彼はなぜそのような人生を送ったのか、彼の言葉に答えがある。「私が金を稼いだなら、結局は病気で苦しんでいる人たちを相手に金を稼いだ」。彼の言葉通り、「他の職業を選んでいたら、その金で豪遊し、贅沢な生活を送ることができただろう」。しかし、彼は病気の人たちの財布から出た金を無駄に使うことができず、それを集めて社会に還元した。昨今、世の中のどの医療人が病気の人を相手に金を稼いだからといって、その金を社会に還元しようと思うだろうか。金がすべてと言っても過言ではないほど、すべてが金に左右されるのが現実だ。しかし、ドキュメンタリーを見ると、そんな人が世の中にはいる。「大便は溜めれば悪臭を放つが、ばら撒けば肥料になり、花も咲き、実を結ぶ。金もこれと同じで、周りに分け与えることで社会に花が咲く」と考え、利他的な生活を実践した人がいる。
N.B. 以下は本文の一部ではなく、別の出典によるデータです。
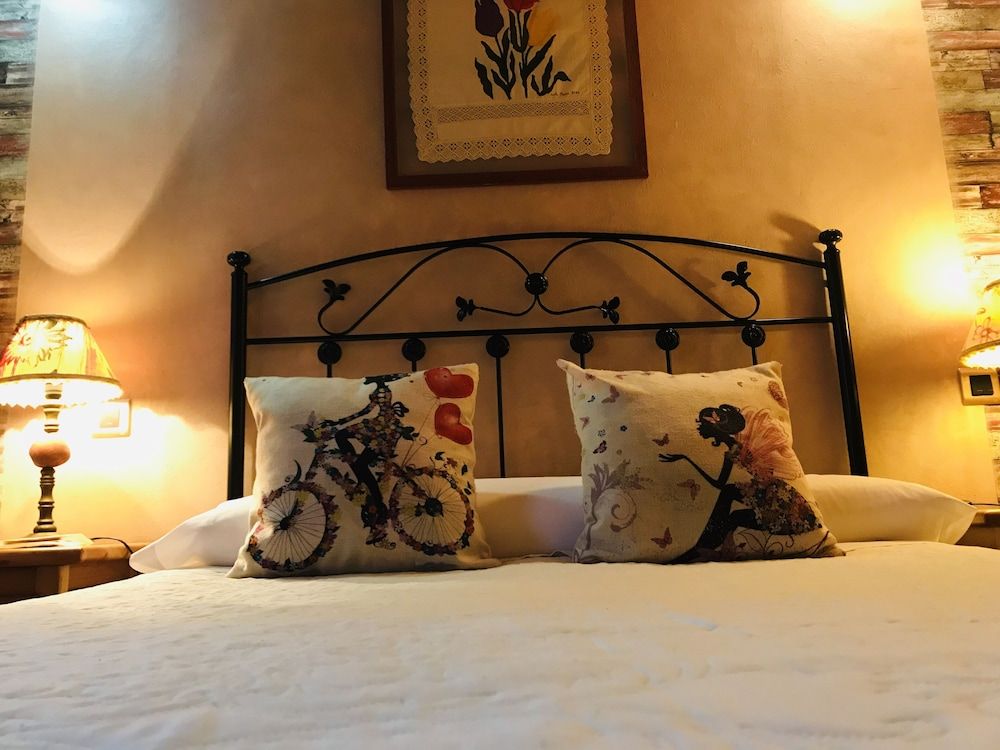 Basic Double Room, 1 Bedroom, Ensuite, Garden View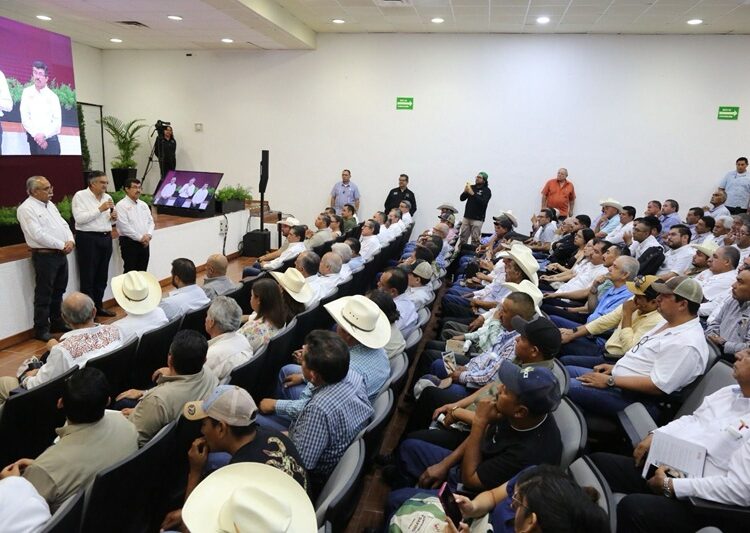 Tamaulipas tiende barrera de contención al gusano barrenador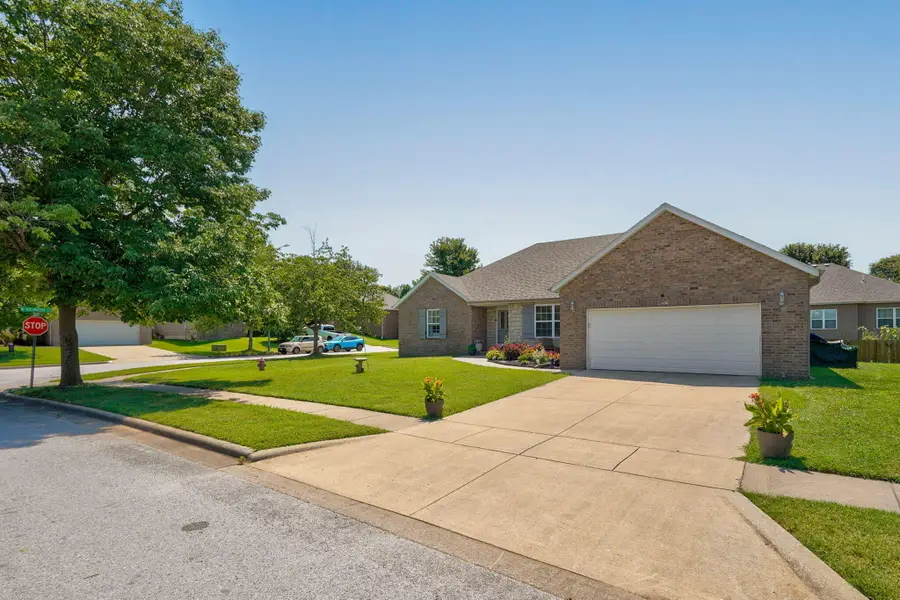 1130 N Gretchen Street, Nixa, MO 65714 - #3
それでいて、彼は自分に対する偶像化を徹底的に拒否する。自画自賛もせず、集まりでは隅に座る。写真の中の彼はいつも中心から離れたところに座っている。謙虚さが身についているからである。彼が周易の64卦のうち、謙虚になる「謙」が一番好きなのは当然だろう。金が人を傲慢にさせる世の中で、彼は金によってさらに謙虚になった。彼が持っている金は、病気で苦しんでいる人たちを相手に稼いだものだという倫理観が彼を謙虚にした。